Every organization has data that is vital for its organizational growth. Typically, most organizations build security around infrastructure, network and applications. But with data leakage becoming more prevalent, organizations are now considering data to be their crown jewel.
Data can be classified as structured data or unstructured data. Structured data is mostly stored in a database, but usually more than 80 percent of data are unstructured.
Enterprises need to protect the data from unauthorized access not only from external users but also from internal users, so virtually all organizations are building security controls around data-centric security. Data-centric security embeds controls into the data itself so that these controls are intact to the data even when the data is at rest or in motion, or while the data is being utilized in an application. In data-centric security, data is independent of the security of the infrastructure, be it device, application, network or the method of transport of data.

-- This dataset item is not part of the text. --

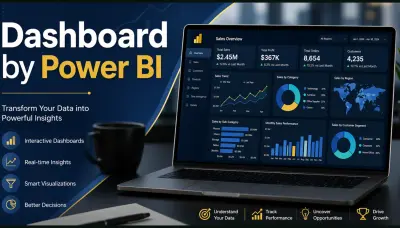 تصميم Dashboard احترافي باستخدام Power BI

Data leaks not only have a negative impact on the reputation of the enterprise but also can lead to penalties/legal action from regulators. New regulations require the organization to build controls around the security and privacy of the data regardless of whether the data is intended to be used internally or intended to go outside the organization’s boundaries.
At its core, data-centric security can be considered among the following categories:
- Data Classification – Data Classification is a process of identifying, labeling and classifying the information/data, preferably according to the sensitivity or criticality of the data. Most of the classification tools have elements of machine learning based on content and context. The classification of the data increases the effectiveness of DLP, CASB and EDRM tools.
- Data Leakage/Loss Prevention (DLP) – DLP is a system that performs real-time scanning of data at rest and in motion, evaluates that data against existing policy definitions, identifies policy violations and automatically enforces some type of pre-defined remediation actions such as alerting users and administrators, quarantining suspicious files, encrypting data or blocking traffic outright. DLP takes time to mature and requires participation from the entire organization, especially in setting the policy.
- Cloud Access Security Broker (CASB) – Since now most of our data is residing in the cloud, be it private, public or hybrid cloud, CASB helps in identifying, monitoring and controlling enterprise data in cloud infrastructure (including applications hosted on cloud), and extends controls to the cloud applications.This also often is referred to as Cloud DLP in terms of data-centric security.
- Digital/Information Rights Management (IRM, DRM, ERM, EDRM) – DRM is basically the rights of the data owner/custodian of the data. It embeds the security controls into the data itself. The controls remain active even if the data is in use, and also remain active during the movement of data. This helps the enterprise to have control over the data, even if the data has left the boundary of the enterprise. Some popular controls for DRM are self-destruction of data or disallowing copy/paste/print of the document.
Data-centric Security Scenario
Suppose one of the directors of the enterprise is on leave and has no access to corporate emails or applications. An urgent board note (confidential document) needs to be vetted by him. Now the director asks his office to send the message to his personal email for review. His office sends him the board note to his personal email.
How can the security of the document be ensured?
Can we assume that after reviewing the note, he has deleted the data from his device or email inbox? Can the enterprise be 100 percent sure that the data would not be misused in future? No!
But if we enforce DRM on the document, we can set the period to the life of the document itself. We can even recall or revoke access to information that we have shared to anybody. DRM maps the policy so that the document can be protected automatically whenever it is discovered, detected, downloaded or shared.
Emergence of Data Privacy and Protection Laws
The year 2018 was significant for privacy and data protection laws in the world, with new measures such as the General Data Protection Regulation (GDPR) and the California Consumer Privacy Act (CCPA).
Bahrain also passed a new, comprehensive data protection law, making it the first Middle East country to adopt a comprehensive privacy law.
One of the most significant privacy law developments of 2019 is expected from India. India’s draft bill introduces specific rights for individuals as well as requirements that processing entities have to meet. For example, businesses will need to implement organizational and technical safeguards regarding the processing of personal data, including for cross-border data transfers. The law also calls for the establishment of a Data Protection Authority for overseeing data processing activities.